**Problem to work on**
After locating the line that holds "渡鸦工作室原创专属七夕青蛙青蛙王子戒指手工雕刻戒指", transcribe it and each following line to the end of the records, changing nothing and adding nothing.

+++++

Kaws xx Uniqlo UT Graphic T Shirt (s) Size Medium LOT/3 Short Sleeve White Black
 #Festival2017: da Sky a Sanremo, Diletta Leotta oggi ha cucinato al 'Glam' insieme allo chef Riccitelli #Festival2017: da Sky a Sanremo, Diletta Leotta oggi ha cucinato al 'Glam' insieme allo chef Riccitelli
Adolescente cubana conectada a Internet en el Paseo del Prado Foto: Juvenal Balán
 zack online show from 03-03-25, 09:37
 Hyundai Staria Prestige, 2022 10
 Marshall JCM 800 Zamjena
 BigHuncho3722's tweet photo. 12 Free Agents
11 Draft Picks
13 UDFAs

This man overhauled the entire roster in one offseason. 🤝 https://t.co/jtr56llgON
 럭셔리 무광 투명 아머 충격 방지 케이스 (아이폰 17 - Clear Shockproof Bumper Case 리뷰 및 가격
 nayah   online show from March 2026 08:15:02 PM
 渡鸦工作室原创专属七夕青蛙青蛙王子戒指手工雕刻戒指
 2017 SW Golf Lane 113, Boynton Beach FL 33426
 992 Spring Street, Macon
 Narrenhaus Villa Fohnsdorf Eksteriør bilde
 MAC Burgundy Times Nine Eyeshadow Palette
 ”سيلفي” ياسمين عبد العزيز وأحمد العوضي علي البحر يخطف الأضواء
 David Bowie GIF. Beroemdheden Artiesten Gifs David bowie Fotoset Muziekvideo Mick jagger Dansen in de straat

+++++

**Written response**
 渡鸦工作室原创专属七夕青蛙青蛙王子戒指手工雕刻戒指
 2017 SW Golf Lane 113, Boynton Beach FL 33426
 992 Spring Street, Macon
 Narrenhaus Villa Fohnsdorf Eksteriør bilde
 MAC Burgundy Times Nine Eyeshadow Palette
 ”سيلفي” ياسمين عبد العزيز وأحمد العوضي علي البحر يخطف الأضواء
 David Bowie GIF. Beroemdheden Artiesten Gifs David bowie Fotoset Muziekvideo Mick jagger Dansen in de straat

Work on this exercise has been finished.